Your instructions:
Transcribe the data in full and exactly, omitting any pictures.
╭──
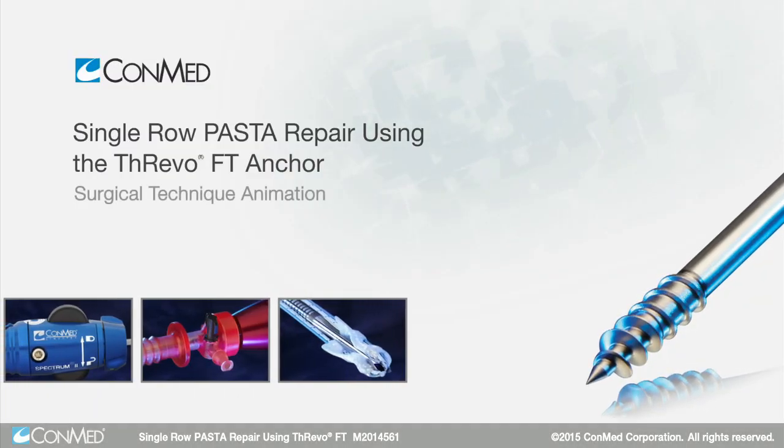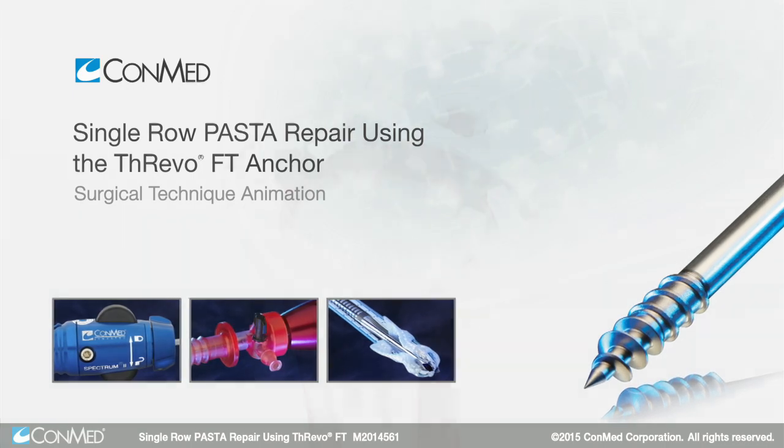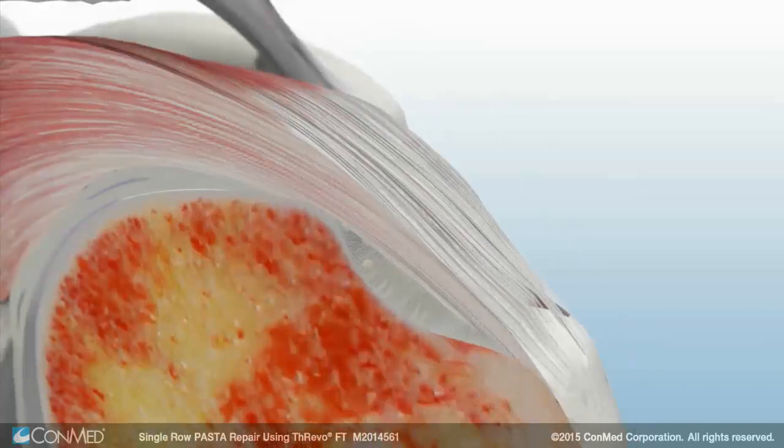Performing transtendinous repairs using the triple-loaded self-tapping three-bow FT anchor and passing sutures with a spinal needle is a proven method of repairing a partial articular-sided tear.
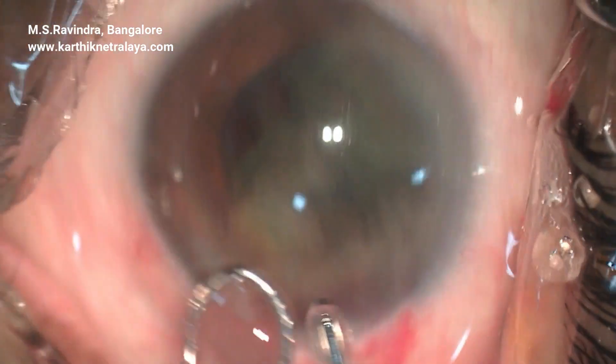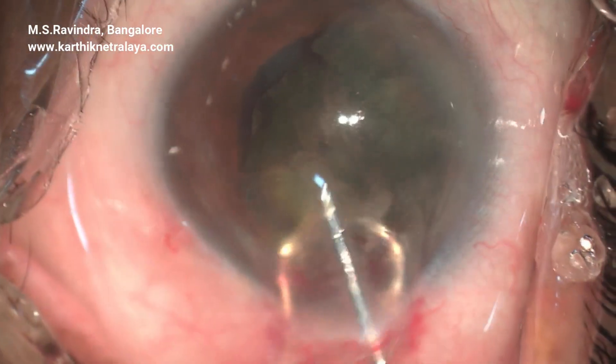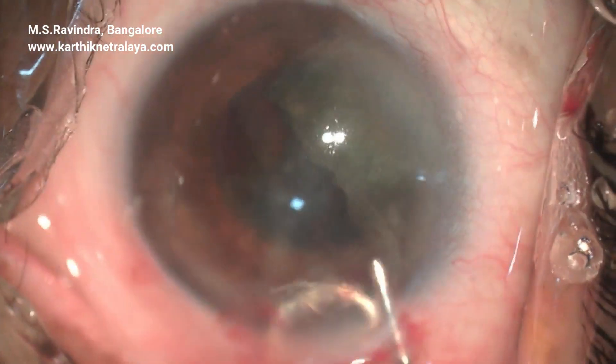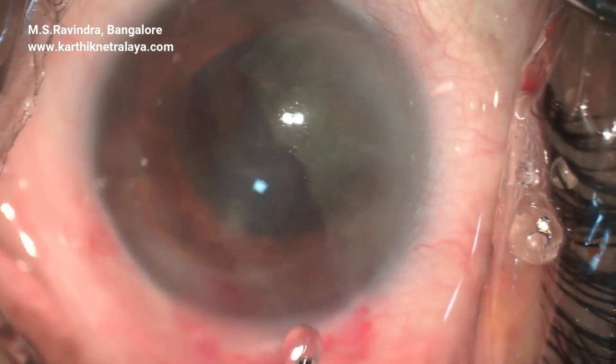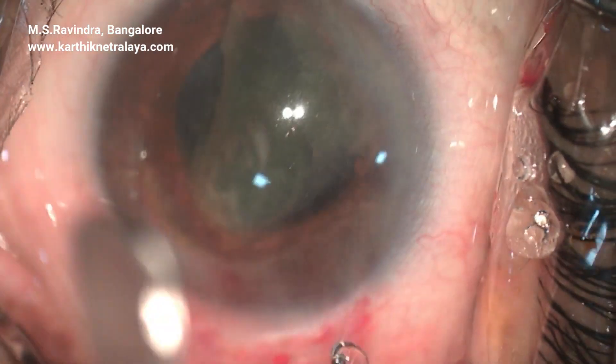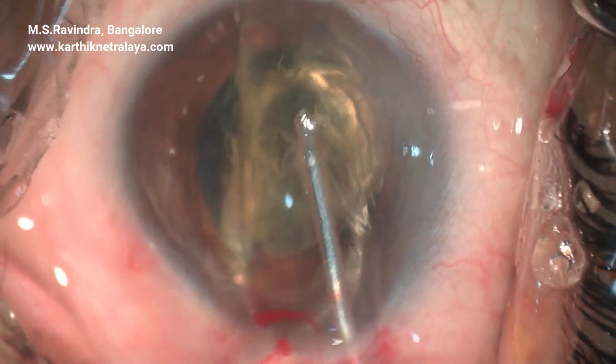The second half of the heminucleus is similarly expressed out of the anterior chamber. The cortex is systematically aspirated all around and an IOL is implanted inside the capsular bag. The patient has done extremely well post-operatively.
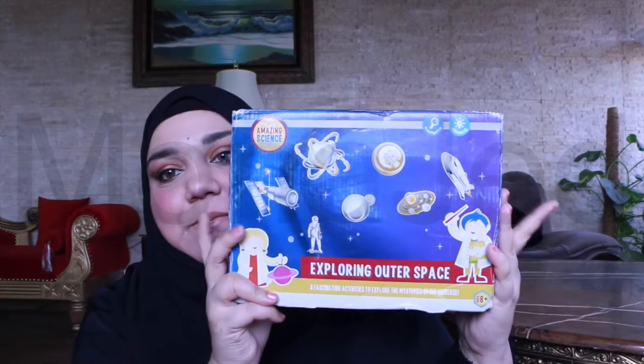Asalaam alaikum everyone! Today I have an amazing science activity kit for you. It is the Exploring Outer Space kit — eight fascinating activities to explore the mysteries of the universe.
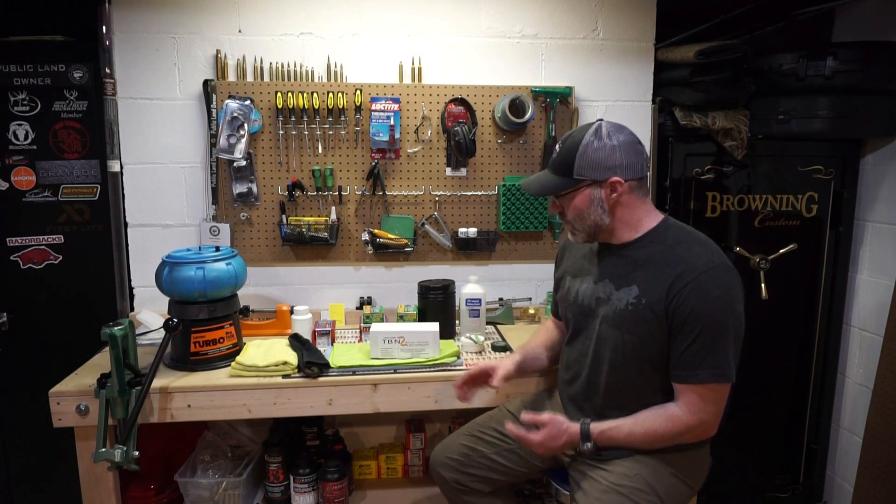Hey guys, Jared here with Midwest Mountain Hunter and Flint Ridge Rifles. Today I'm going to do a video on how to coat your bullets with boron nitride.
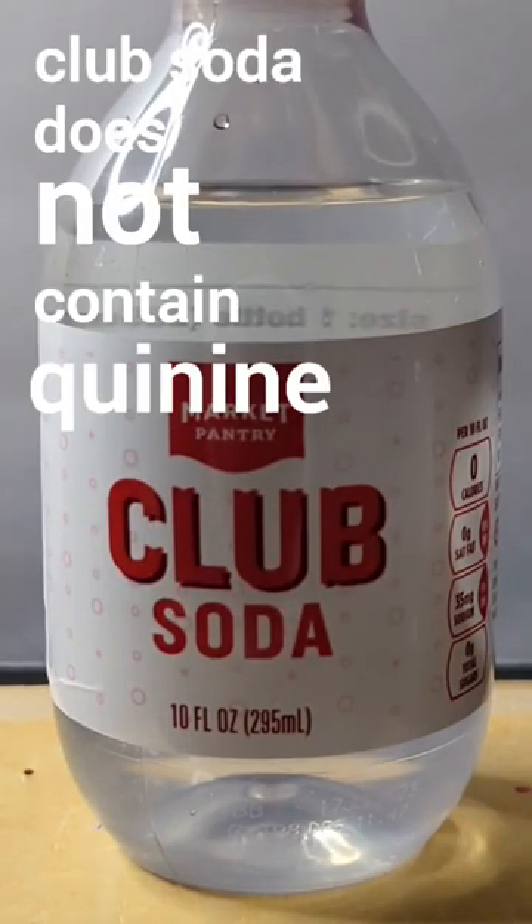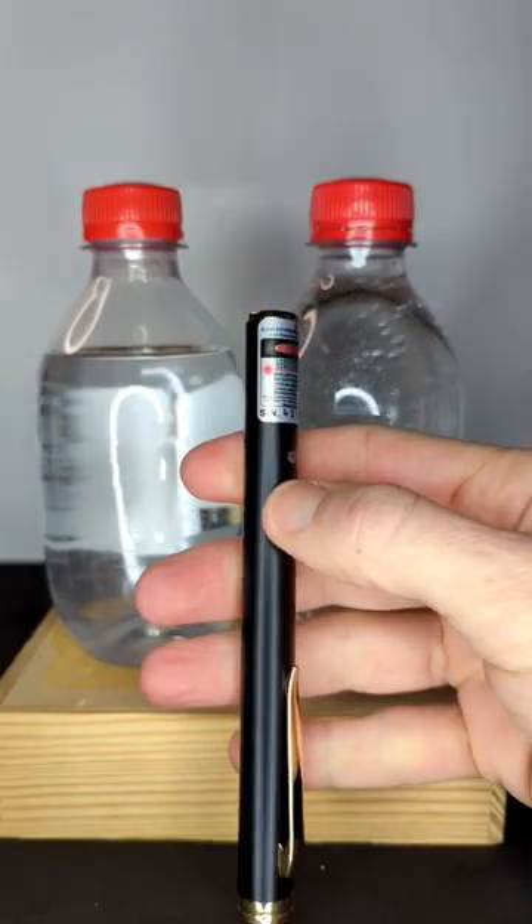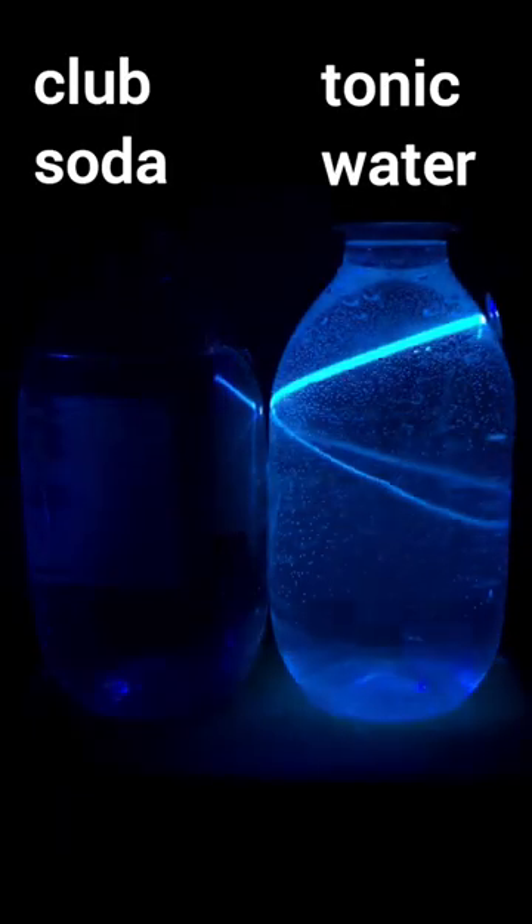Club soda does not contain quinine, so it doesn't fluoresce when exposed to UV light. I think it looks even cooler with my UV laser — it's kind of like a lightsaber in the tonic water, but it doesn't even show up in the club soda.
╰──
Answer box:
Performing transtendinous repairs using the triple-loaded self-tapping three-bow FT anchor and passing sutures with a spinal needle is a proven method of repairing a partial articular-sided tear.
The second half of the heminucleus is similarly expressed out of the anterior chamber. The cortex is systematically aspirated all around and an IOL is implanted inside the capsular bag. The patient has done extremely well post-operatively.
Asalaam alaikum everyone! Today I have an amazing science activity kit for you. It is the Exploring Outer Space kit — eight fascinating activities to explore the mysteries of the universe.
Hey guys, Jared here with Midwest Mountain Hunter and Flint Ridge Rifles. Today I'm going to do a video on how to coat your bullets with boron nitride.
Club soda does not contain quinine, so it doesn't fluoresce when exposed to UV light. I think it looks even cooler with my UV laser — it's kind of like a lightsaber in the tonic water, but it doesn't even show up in the club soda.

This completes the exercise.